The opposite problem — wanting shallow depth of field on a camera that physically can't produce it — is the phone's problem, and it is solved in software: fake or computational depth of field, the "portrait mode" of every modern phone. The reason it is needed is the sensor-size scaling above: a phone's tiny sensor gives it huge depth of field, so to imitate a large-sensor portrait the phone must synthesize the background blur. The pipeline is: estimate a depth map for the scene — from the dual-pixel disparity of the previous chapter, from a second camera's stereo, or from a learned monocular-depth network — and then apply a depth- and occlusion-aware blur, growing the blur radius with each pixel's distance from the chosen focus plane and rendering a chosen disk shape (so the synthetic highlights can even be made to look like a particular lens's bokeh). And here the load-bearing caveat from the recap comes back to bite: because defocus is not a 2-D convolution, a naive "blur the background uniformly" cannot work — the blur has to follow scene depth, and at object edges the foreground's blur must bleed over the background while the hidden background peeks through. This is exactly why portrait-mode failures cluster at hair, fine edges, and transparency, where the depth map is uncertain and the occlusion bookkeeping is hardest. We are only setting up why the problem is hard and what a depth map buys; the honest, occlusion-aware treatment — and the light-field cameras that sidestep it by capturing the rays directly and refocusing after the fact — is forward-referenced to the Advanced computational-camera part.

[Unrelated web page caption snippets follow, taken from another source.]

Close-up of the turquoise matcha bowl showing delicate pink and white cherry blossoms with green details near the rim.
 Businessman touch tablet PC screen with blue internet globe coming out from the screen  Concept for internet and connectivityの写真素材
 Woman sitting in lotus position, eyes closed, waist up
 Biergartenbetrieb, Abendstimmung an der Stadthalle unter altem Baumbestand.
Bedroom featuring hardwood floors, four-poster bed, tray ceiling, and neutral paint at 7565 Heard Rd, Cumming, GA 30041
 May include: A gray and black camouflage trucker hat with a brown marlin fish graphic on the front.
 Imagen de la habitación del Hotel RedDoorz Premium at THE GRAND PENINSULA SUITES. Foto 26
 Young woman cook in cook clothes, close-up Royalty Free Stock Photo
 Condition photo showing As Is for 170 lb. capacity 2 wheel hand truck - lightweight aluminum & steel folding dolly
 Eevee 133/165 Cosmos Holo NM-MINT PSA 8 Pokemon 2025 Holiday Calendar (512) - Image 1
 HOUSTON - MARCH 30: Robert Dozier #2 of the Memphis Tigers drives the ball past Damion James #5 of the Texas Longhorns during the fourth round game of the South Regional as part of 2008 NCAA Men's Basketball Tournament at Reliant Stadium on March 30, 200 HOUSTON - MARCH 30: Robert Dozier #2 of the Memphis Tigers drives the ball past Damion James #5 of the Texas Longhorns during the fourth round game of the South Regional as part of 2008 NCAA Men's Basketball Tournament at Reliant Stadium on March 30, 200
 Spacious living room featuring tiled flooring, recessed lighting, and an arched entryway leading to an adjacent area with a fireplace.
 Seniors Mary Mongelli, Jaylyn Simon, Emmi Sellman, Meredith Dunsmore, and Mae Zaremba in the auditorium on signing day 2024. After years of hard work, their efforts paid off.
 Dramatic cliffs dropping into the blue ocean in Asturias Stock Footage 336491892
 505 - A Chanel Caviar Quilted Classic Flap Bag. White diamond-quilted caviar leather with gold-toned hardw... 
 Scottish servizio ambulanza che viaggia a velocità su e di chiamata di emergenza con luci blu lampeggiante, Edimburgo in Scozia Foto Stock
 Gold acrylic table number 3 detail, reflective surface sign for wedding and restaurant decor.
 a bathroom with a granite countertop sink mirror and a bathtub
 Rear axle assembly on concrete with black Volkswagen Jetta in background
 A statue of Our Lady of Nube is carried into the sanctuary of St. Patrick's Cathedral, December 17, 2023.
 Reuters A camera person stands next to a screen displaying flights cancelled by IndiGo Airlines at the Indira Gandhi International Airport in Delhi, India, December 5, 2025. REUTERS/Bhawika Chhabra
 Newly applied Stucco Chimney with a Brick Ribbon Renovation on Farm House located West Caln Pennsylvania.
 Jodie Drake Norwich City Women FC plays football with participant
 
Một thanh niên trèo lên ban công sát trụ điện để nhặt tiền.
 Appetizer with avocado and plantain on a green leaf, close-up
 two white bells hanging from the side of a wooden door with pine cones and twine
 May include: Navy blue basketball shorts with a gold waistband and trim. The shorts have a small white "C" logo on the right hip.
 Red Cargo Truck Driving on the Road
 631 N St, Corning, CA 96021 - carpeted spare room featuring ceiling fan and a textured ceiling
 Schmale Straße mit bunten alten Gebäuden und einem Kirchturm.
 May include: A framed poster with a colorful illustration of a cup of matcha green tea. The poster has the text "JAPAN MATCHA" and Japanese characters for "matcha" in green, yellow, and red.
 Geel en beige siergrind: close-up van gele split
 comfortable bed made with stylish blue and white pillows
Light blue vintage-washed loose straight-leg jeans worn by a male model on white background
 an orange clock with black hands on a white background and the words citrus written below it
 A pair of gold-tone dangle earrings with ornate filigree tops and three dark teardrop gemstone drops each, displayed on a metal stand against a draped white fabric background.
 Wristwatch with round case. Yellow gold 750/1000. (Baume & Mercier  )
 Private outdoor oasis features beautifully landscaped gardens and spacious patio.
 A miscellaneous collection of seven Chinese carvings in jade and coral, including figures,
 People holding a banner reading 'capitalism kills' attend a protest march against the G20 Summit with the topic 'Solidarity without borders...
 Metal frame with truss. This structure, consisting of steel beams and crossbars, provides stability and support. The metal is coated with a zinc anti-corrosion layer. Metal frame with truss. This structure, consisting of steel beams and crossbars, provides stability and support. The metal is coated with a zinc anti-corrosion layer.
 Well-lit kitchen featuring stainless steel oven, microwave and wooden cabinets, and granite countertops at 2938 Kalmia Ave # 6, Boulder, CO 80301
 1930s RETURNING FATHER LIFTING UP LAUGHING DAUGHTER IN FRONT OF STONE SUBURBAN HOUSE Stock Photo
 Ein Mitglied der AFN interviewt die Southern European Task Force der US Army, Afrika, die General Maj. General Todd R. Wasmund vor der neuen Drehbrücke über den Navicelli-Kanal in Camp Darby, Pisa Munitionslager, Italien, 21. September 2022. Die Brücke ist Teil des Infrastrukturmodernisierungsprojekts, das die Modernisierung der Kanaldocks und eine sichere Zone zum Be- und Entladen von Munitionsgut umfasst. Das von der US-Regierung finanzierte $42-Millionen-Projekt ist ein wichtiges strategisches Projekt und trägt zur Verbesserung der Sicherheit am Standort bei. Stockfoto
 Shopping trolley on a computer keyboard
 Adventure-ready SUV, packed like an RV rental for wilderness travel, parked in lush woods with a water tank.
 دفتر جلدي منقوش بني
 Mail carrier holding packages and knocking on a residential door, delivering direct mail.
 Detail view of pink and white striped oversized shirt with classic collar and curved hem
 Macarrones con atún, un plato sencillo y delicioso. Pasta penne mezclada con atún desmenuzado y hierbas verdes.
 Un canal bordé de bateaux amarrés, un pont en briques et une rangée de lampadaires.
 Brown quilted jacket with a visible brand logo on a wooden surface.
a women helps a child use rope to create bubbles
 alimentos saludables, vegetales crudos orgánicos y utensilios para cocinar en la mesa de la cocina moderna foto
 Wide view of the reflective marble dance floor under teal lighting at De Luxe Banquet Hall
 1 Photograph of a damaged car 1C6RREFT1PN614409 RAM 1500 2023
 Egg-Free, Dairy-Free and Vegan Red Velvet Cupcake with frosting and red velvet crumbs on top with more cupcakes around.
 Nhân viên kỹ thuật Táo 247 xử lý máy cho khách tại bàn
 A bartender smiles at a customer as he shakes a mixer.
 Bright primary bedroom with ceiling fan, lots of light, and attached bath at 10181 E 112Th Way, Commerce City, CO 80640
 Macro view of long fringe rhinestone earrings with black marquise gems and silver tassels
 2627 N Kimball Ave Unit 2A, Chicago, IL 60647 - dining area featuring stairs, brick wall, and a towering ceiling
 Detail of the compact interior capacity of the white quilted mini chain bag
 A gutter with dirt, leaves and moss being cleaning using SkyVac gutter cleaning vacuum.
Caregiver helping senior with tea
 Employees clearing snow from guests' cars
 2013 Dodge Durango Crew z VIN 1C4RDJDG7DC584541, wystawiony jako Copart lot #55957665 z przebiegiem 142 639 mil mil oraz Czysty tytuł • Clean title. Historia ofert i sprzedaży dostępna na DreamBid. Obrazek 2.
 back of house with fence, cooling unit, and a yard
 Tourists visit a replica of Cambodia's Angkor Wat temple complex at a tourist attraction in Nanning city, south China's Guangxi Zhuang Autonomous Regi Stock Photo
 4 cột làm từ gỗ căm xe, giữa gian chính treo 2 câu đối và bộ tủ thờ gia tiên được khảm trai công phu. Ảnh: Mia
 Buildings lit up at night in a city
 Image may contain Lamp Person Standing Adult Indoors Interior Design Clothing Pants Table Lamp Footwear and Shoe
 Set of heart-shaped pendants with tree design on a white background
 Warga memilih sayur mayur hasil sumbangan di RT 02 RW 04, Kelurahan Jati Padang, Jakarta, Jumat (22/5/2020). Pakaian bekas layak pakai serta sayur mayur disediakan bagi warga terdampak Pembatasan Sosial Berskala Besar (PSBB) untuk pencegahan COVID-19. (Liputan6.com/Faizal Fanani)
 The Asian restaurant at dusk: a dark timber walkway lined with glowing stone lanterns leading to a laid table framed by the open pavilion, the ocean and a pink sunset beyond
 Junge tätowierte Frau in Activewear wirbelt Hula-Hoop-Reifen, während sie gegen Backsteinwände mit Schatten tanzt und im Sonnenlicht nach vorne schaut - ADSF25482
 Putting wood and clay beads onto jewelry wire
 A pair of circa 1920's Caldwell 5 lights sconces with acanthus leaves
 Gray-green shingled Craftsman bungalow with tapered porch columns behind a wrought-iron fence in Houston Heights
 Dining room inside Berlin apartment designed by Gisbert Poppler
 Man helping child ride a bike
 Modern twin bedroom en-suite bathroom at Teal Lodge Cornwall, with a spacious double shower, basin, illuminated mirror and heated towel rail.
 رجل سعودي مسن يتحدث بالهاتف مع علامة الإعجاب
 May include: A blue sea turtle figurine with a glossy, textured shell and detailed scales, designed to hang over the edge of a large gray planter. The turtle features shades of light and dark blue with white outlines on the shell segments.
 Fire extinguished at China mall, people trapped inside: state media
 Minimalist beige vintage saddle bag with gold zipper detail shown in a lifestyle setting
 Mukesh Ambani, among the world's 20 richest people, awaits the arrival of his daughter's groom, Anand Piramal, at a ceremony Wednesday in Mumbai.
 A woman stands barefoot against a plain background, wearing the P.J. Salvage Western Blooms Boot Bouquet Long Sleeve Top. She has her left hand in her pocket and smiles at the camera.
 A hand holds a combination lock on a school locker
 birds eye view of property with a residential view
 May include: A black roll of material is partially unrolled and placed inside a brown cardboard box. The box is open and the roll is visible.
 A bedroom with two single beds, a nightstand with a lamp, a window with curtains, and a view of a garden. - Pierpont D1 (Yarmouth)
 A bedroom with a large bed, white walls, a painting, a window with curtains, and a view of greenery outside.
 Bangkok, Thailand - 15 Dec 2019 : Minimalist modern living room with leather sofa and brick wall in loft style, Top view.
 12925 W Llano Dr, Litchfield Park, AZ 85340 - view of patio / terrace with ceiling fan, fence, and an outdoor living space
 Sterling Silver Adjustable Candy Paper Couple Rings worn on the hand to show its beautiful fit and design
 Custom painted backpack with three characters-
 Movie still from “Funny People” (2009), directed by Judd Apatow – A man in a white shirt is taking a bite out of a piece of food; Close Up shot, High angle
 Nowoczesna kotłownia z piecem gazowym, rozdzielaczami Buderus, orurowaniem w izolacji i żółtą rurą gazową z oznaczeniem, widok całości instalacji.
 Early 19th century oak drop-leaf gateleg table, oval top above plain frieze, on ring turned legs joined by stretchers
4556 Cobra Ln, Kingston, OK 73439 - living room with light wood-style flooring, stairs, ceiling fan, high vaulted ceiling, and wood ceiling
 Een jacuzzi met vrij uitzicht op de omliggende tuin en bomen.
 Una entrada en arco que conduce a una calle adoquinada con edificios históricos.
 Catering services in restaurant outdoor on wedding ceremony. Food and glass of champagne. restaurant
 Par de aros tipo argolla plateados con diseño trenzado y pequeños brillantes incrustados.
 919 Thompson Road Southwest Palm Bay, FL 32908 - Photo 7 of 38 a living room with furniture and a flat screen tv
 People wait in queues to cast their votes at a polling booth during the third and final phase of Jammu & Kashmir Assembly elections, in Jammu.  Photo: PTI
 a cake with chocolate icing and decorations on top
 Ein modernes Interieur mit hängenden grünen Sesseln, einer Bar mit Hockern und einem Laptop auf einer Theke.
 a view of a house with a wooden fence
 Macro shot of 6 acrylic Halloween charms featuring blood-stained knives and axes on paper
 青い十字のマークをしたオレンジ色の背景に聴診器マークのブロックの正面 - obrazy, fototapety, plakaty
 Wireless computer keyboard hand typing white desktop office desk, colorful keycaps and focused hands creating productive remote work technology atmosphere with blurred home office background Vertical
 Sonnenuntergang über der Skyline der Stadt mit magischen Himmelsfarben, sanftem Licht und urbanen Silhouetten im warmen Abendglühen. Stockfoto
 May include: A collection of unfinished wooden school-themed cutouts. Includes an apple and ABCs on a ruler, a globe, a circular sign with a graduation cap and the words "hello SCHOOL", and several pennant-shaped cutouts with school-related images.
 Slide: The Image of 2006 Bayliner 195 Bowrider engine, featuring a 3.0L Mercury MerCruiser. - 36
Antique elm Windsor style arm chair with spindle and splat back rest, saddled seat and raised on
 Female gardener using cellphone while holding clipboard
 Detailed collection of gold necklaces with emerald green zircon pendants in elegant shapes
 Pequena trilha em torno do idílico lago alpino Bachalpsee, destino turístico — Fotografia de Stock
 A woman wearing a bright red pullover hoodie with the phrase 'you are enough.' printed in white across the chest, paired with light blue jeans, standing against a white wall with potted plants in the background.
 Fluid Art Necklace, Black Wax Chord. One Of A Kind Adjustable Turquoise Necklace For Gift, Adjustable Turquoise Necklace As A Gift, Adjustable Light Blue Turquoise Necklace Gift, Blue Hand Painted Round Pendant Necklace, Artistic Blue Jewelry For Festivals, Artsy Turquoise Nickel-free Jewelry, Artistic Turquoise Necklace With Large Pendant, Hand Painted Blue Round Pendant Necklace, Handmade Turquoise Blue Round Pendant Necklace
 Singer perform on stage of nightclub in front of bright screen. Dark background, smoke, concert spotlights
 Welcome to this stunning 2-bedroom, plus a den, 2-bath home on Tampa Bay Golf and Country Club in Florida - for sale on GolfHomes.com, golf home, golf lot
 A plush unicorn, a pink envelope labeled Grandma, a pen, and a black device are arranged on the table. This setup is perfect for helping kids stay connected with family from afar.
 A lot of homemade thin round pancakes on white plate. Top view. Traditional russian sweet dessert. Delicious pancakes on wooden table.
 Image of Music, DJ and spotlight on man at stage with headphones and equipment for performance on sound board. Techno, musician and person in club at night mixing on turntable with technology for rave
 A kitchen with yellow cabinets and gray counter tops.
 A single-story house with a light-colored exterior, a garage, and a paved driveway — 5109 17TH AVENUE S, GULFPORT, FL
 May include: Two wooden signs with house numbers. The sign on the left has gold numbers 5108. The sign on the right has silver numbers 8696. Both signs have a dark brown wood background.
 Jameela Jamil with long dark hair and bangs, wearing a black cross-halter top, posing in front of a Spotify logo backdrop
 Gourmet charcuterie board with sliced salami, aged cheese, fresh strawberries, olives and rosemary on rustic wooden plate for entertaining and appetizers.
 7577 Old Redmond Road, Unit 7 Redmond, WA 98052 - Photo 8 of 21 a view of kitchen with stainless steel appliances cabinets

Everything in this chapter assumes ordinary incoherent imaging, where an out-of-focus object still sends its light to the sensor — it merely spreads into a blur disk. The light is there, just smeared. George Barbastathis (MIT) makes the point that coherent imaging can behave qualitatively differently: arrange the system around a prepared depth, and objects at other depths contribute no light at all to the image. Out of the prepared depth the scene is not soft — it is black. The root of the difference is that incoherent imaging adds intensities, which are always positive, so every depth contributes something (a brighter, blurrier picture); coherent imaging adds complex amplitudes, so off-depth contributions can interfere destructively and cancel to zero. It reframes "depth of field" itself: incoherent optics trades sharpness for a graceful blur, while a coherent system can make depth a hard on/off gate — present or absent, not sharp or soft.